Columna publicada en La Tercera, 23.03.2016

El poder político es antes que todo, legitimidad. Y la legitimidad siempre tiene que ver con la representación de algo, que suele ser aquello que es considerado sagrado y consignado de tal manera en los mitos fundacionales de cada grupo humano. Esto opera, por supuesto, en distintos niveles. Hay mitos nacionales, mitos locales y hasta mitos organizacionales. También hay un amplio margen de variación en la interpretación de los mismos mitos y en la comprensión de lo sagrado. Pero lo que siempre es cierto es que quien se encuentra en una posición de autoridad se legitima en la medida en que logra remitir su poder a las fuentes sagradas del orden.

Las sociedades donde el poder se encuentra más equilibrado suelen contar con diversas fuentes de legitimidad. Esto permite dispersar el poder y ampliar la competencia por él, además de generar el pluralismo necesario para la existencia del debate y los espacios públicos. En cambio,en aquellos lugares donde se supone que el poder solo puede emanar de una fuente (dios, la voluntad popular, la ciencia, el Partido o lo que sea), éste tiende a concentrarse. Y el poder muy concentrado suele manifestarse de formas bastante parecidas, independiente de la fuente de legitimación a la que apele.

La dispersion del poder también tiene que ver con la diferenciación funcional: en contextos donde el sistema económico se ha diferenciado del sistema político, y éste, a su vez, se ha diferenciado del sistema religioso, resulta más difícil saltar de un código a otro. Toda esta diferenciación y pluralismo, sumada además a la consolidación de esferas de opinión y comunicación públicas, hacen más difícil reunir y ejercer la autoridad, al tiempo que hacen más fácil perderla.

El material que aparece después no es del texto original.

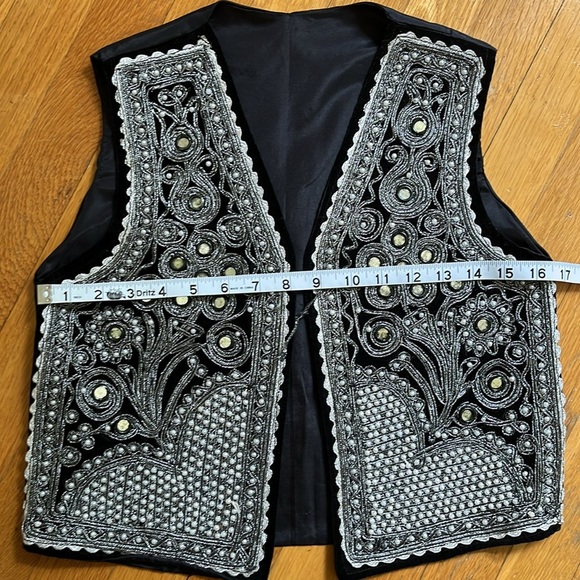 Vintage Beaded Velvet Vest Black & Silver Traditional Folk Embroidered - Picture 9 of 11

Las crisis de legitimidad (o de confianza) pueden nacer de un cortocircuito entre quien pretende representar algo y aquello que pretende ser representado. En otros casos pueden venir de una devaluación de la sacralidad de aquello representado, producto de cambios culturales de origen diverso. Y finalmente, puede provenir también de una crisis de diferenciación, generalmente vinculada a escándalos de corrupción.

La crisis de legitimidad que se vive en Chile hoy en día incluye estas tres dimensiones. Rechazamos a nuestros políticos y a nuestros empresarios porque no parecen capaces de procesar los problemas puestos en sus manos. Algunas fuentes alternativas de autoridad han ido perdiendo terreno (como la Iglesia Católica o el conocimiento técnico) y, finalmente, da la impresión de que hay muchas relaciones impropias entre el sistema político y el económico. 

Esta es la situación ideal para los simplificadores: aquellos que nos prometen explicar y arreglar todo de un plumazo. Sin embargo, la crisis que vivimos nos amenaza no porque el poder haya llegado a ser muy complejo, sino excesivamente simple: no está a la altura de la complejidad de sus desafíos. Vivimos, entonces, una crisis de simplificación. Y la pregunta es si queremos enfrentarla mediante reformas reflexivas o mediante hechizos rápidos ofrecidos por chamanes dudosos.